◆ RECORDS FOR THE TASK:
────
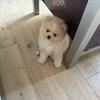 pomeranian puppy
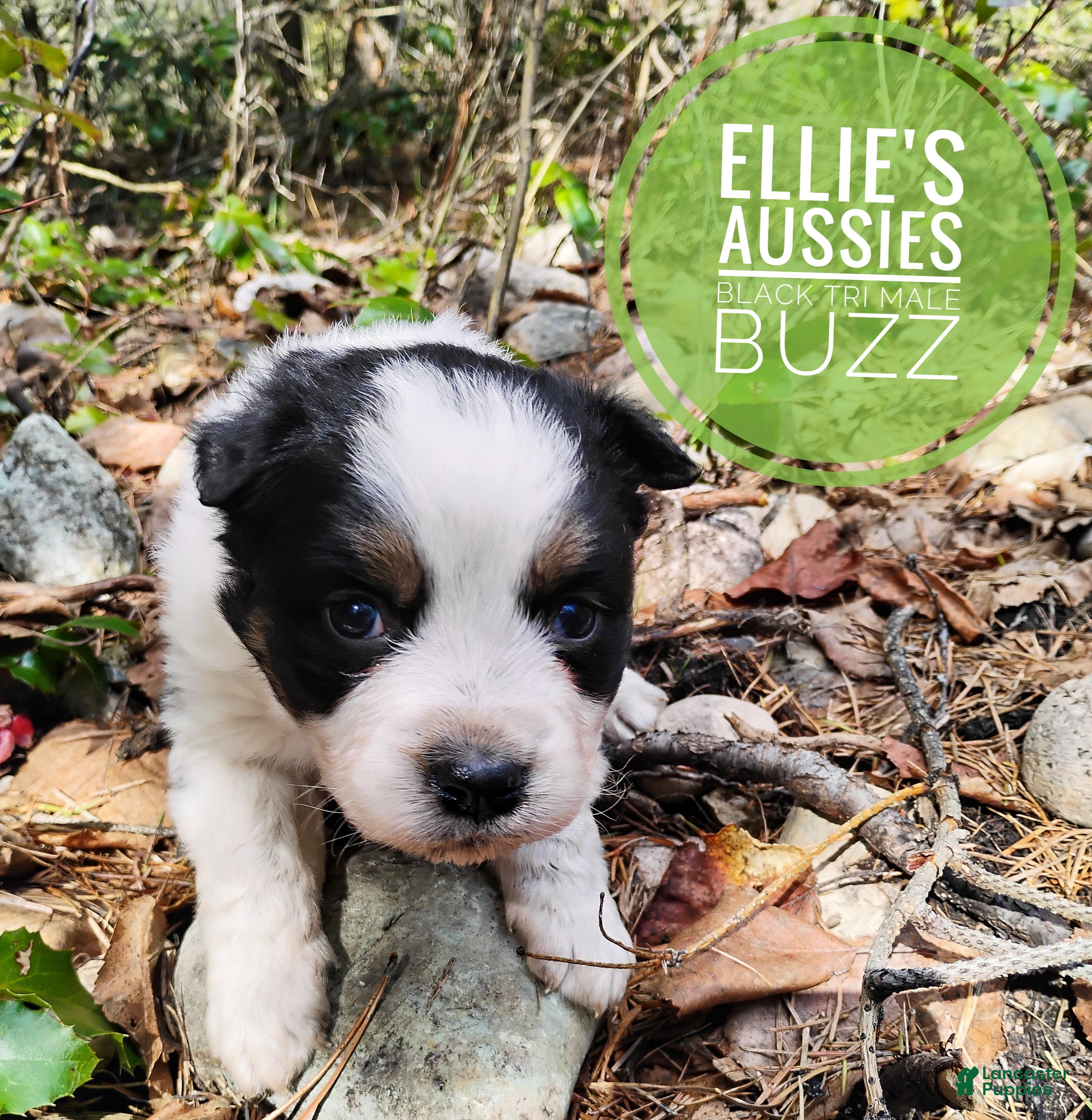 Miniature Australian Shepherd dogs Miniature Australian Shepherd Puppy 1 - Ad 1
────
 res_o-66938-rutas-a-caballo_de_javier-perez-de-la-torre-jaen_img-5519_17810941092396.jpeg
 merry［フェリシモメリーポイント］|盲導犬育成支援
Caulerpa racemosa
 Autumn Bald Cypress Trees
────
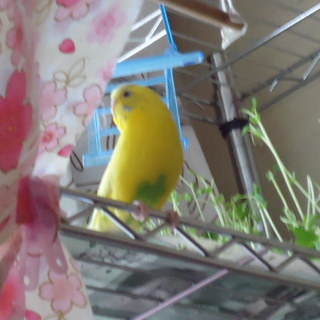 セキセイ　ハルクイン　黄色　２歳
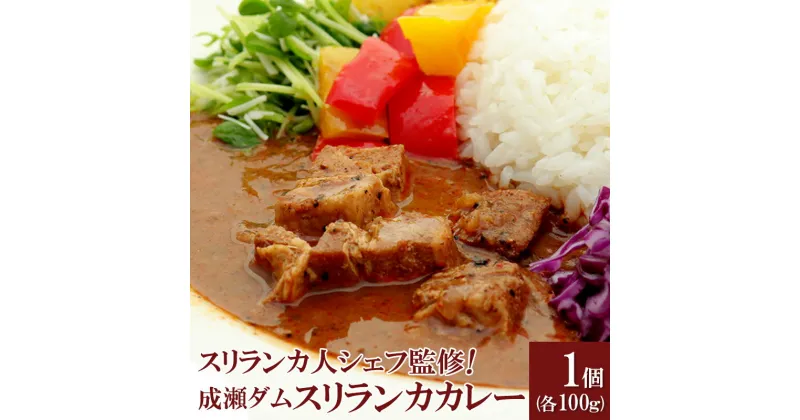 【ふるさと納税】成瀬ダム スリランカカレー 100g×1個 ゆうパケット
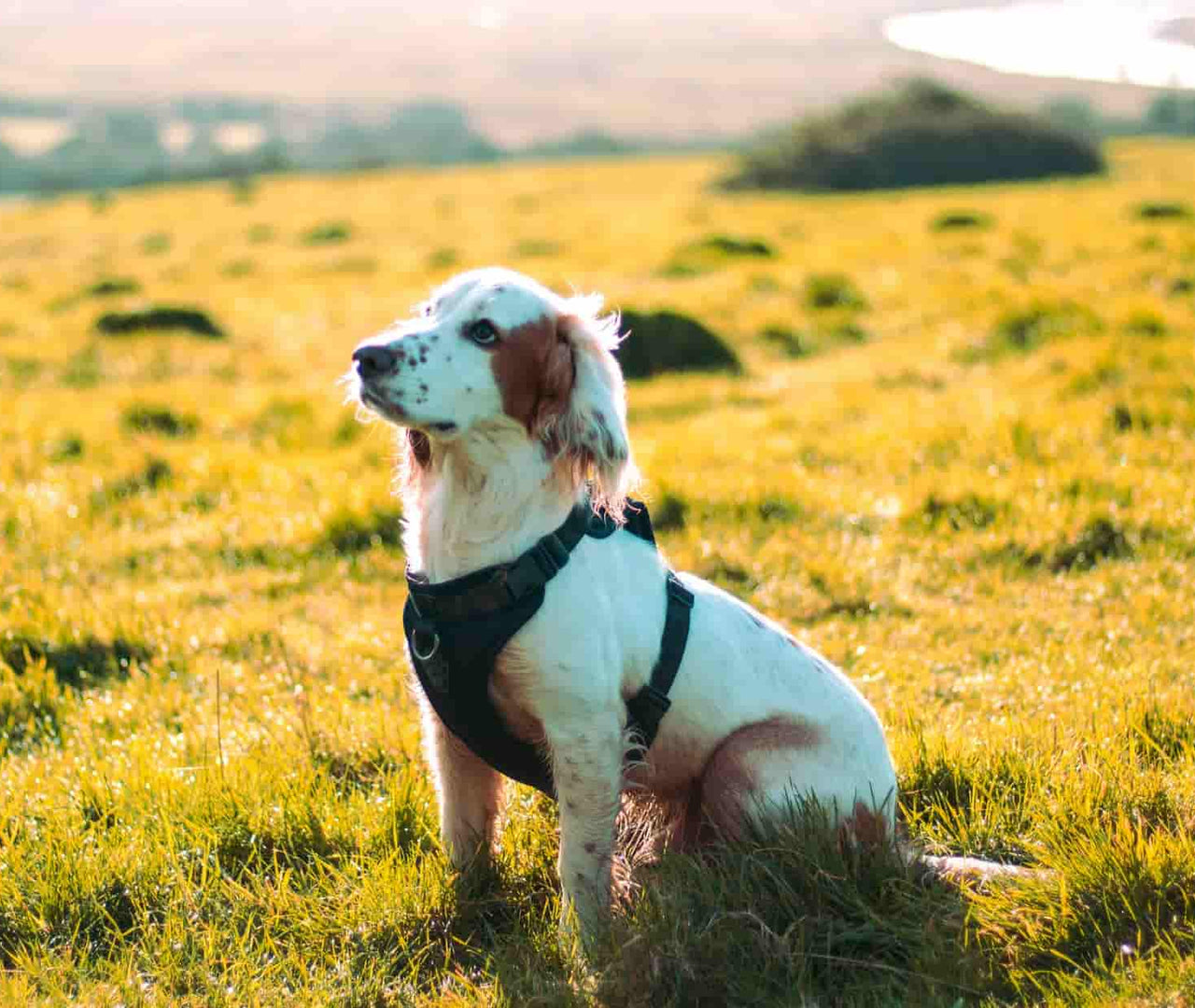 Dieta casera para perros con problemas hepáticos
────
◆ WHAT THIS TASK INVOLVES:
Transcribe, exactly and without pictures, everything in the data from the line with "pomeranian puppy" down to the line with "Miniature Australian Shepherd dogs", both included.

◆ EXERCISE RESULT:
 pomeranian puppy
 Miniature Australian Shepherd dogs Miniature Australian Shepherd Puppy 1 - Ad 1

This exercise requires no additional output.